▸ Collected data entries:
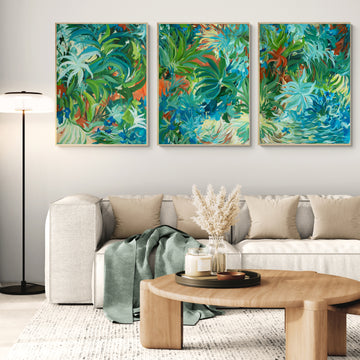 Living room with a beige sofa, wooden coffee table, and three colourful tropical abstract paintings on the wall.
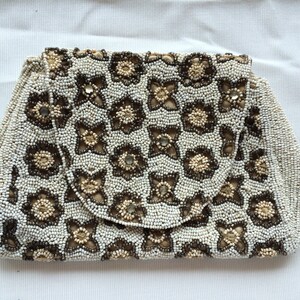 Può includere: Una pochette vintage con perline. La borsa presenta un motivo floreale nei toni del bianco, marrone e beige. La chiusura è un lembo arrotondato. Le piccole perline creano una superficie strutturata. La borsa è probabilmente della metà del XX secolo.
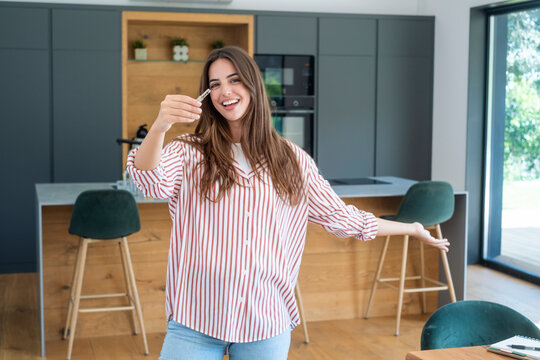Smiling young woman holding house keys in modern kitchen, celebrating new home ownership and moving day with excitement and pride. Casual lifestyle, interior, real estate, and happy homeowner concept.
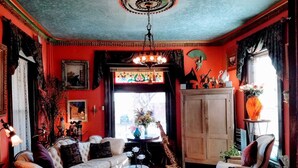 A cozy living room with a sofa, armchairs, a coffee table, and a chandelier. - 1812 Overture B&B (Kansas City)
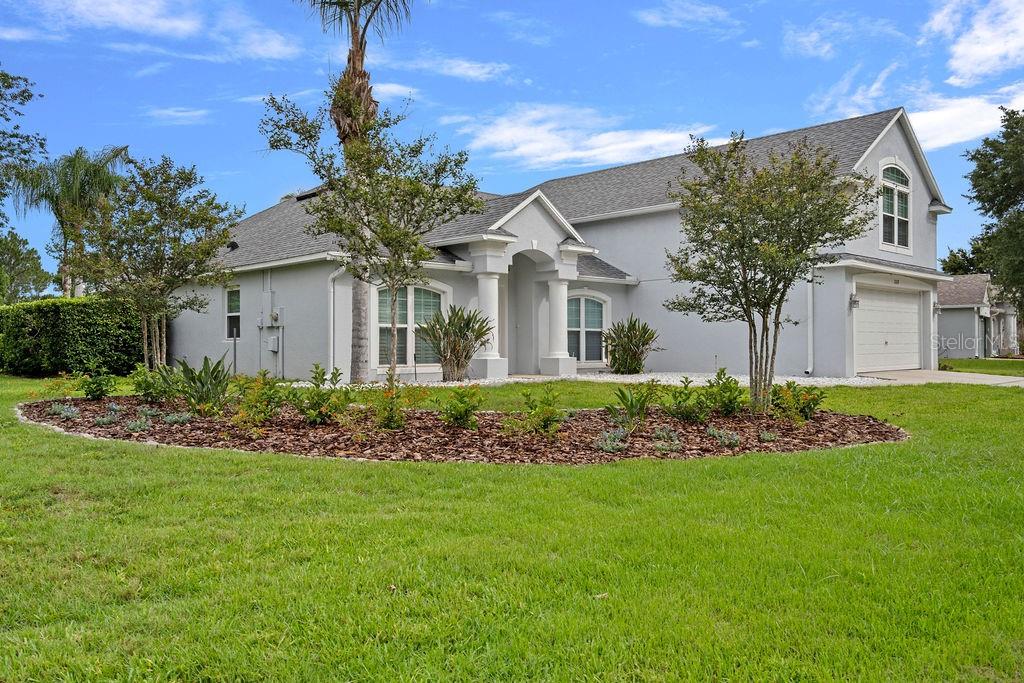 A light gray single-story house with a white-pillared entryway and a two-car garage — 1018 GRAND RESERVE DRIVE, DAVENPORT, FL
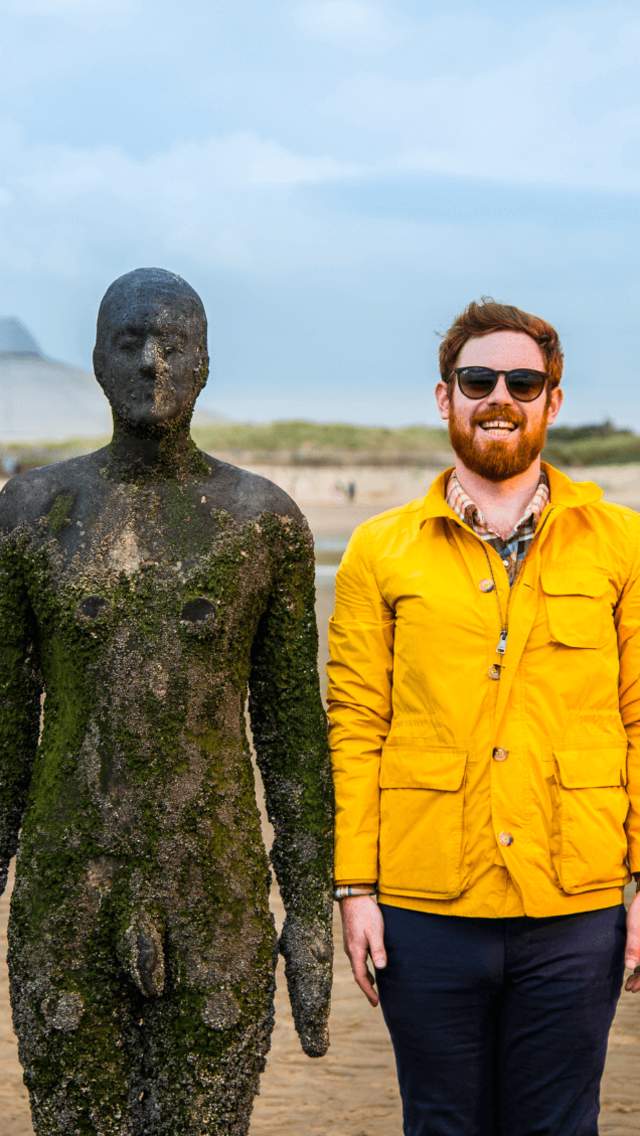 A man wearing a yellow raincoat stands next to a cast-iron statue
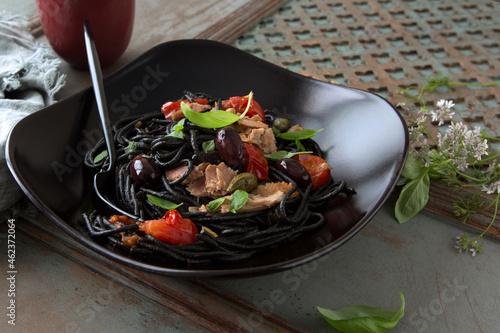 plate with black putanesca spaghetti on a wooden table photo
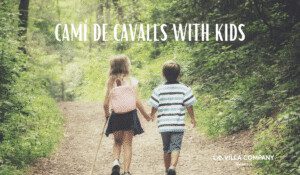 Two young children walking hand in hand on a forest trail along the Camí de Cavalls in Menorca, ideal for family adventures from nearby holiday villas.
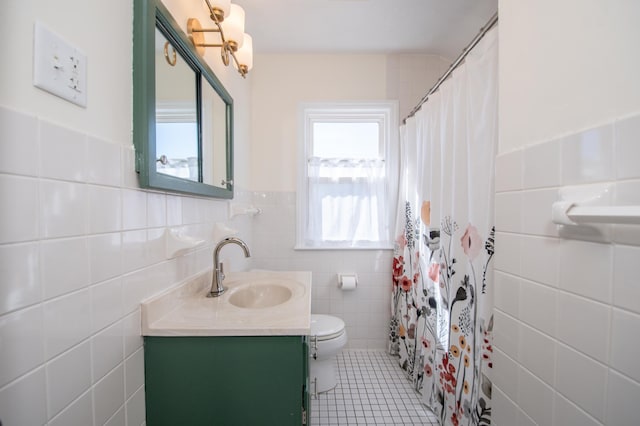 1904 Saunders Ave, Saint Paul, MN 55116 - bathroom with tile walls, tile patterned flooring, toilet, vanity, and a wainscoted wall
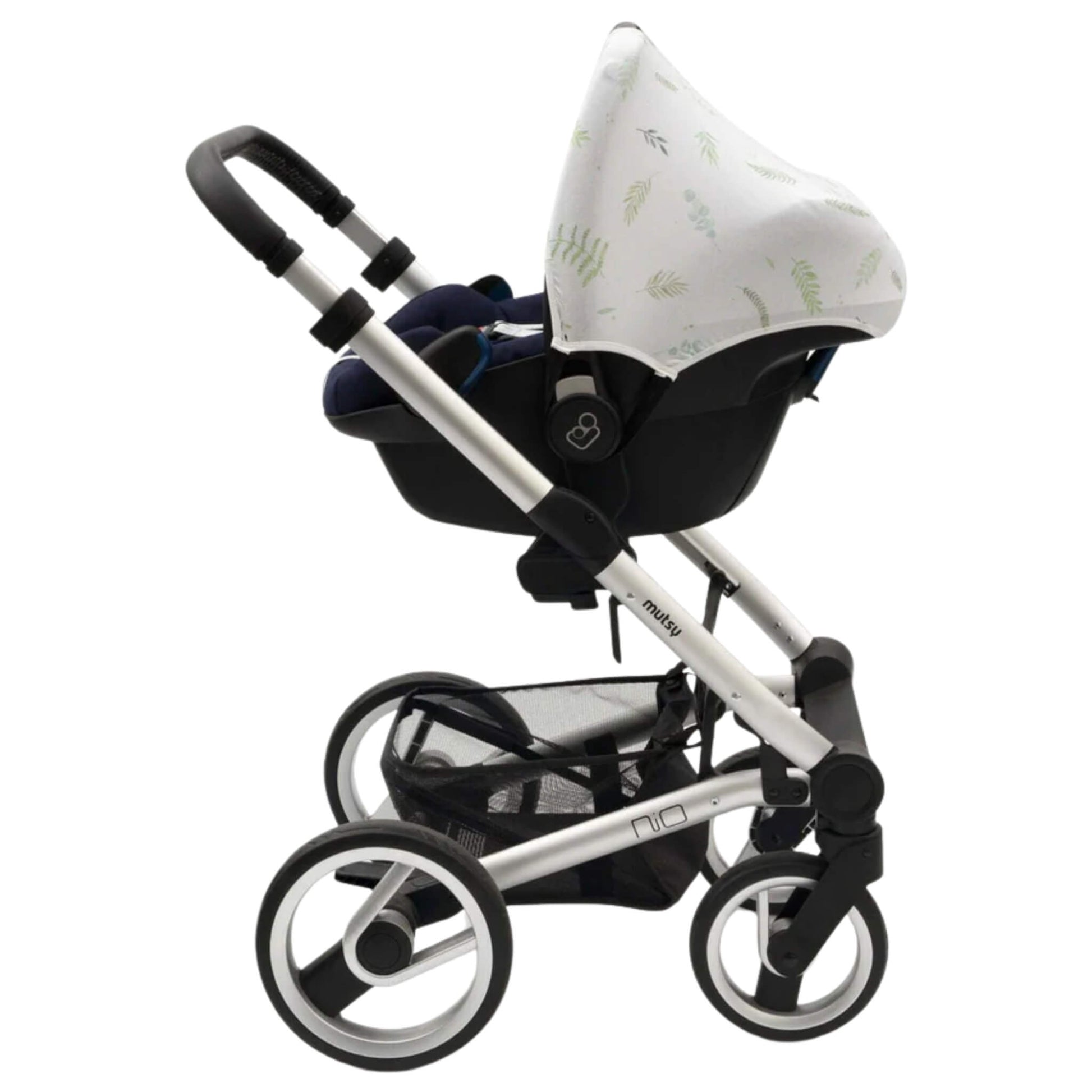 A white car seat hoody with green leafy design attached to an infant car seat placed on a silver pushchair frame, showing compatibility with a travel system.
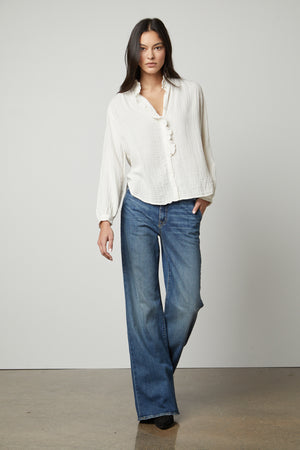 The model is wearing a TRISHA COTTON GAUZE TOP blouse by Velvet by Graham & Spencer and blue jeans.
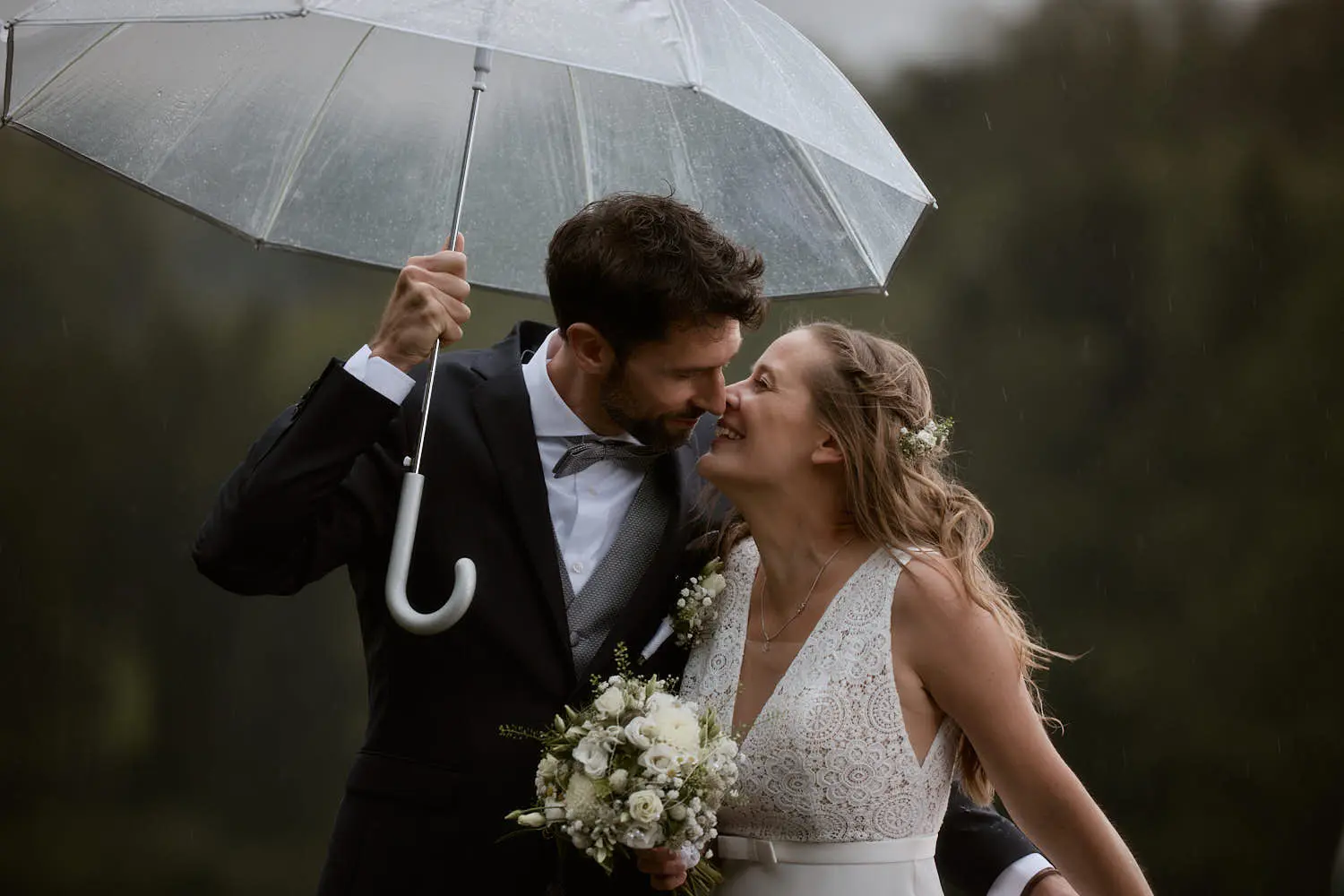 Brautpaar lacht unter einem transparenten Regenschirm, Hochzeit in Malbun – Hochzeitsfotograf Liechtenstein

▸ Exercise: Pictures stay out. Copy exactly, and only, the lines from the one containing "1904 Saunders Ave, Saint" through the end of the data.

▸ Solved problem:
 1904 Saunders Ave, Saint Paul, MN 55116 - bathroom with tile walls, tile patterned flooring, toilet, vanity, and a wainscoted wall
 A white car seat hoody with green leafy design attached to an infant car seat placed on a silver pushchair frame, showing compatibility with a travel system.
 The model is wearing a TRISHA COTTON GAUZE TOP blouse by Velvet by Graham & Spencer and blue jeans.
 Brautpaar lacht unter einem transparenten Regenschirm, Hochzeit in Malbun – Hochzeitsfotograf Liechtenstein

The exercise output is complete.